WHAT THE TASK ASKS:
What follows is a listing. Write it all out exactly.

MATERIAL TO PROCESS:
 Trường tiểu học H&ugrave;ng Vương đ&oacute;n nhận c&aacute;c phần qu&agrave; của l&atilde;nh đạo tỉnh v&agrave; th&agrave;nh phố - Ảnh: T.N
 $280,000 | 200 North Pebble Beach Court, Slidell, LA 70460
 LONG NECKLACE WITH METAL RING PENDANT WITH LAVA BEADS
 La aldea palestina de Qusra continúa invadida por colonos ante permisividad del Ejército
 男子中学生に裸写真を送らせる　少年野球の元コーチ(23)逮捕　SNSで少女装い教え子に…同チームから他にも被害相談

OUTPUT FOR THIS EXERCISE:
 Trường tiểu học H&ugrave;ng Vương đ&oacute;n nhận c&aacute;c phần qu&agrave; của l&atilde;nh đạo tỉnh v&agrave; th&agrave;nh phố - Ảnh: T.N
 $280,000 | 200 North Pebble Beach Court, Slidell, LA 70460
 LONG NECKLACE WITH METAL RING PENDANT WITH LAVA BEADS
 La aldea palestina de Qusra continúa invadida por colonos ante permisividad del Ejército
 男子中学生に裸写真を送らせる　少年野球の元コーチ(23)逮捕　SNSで少女装い教え子に…同チームから他にも被害相談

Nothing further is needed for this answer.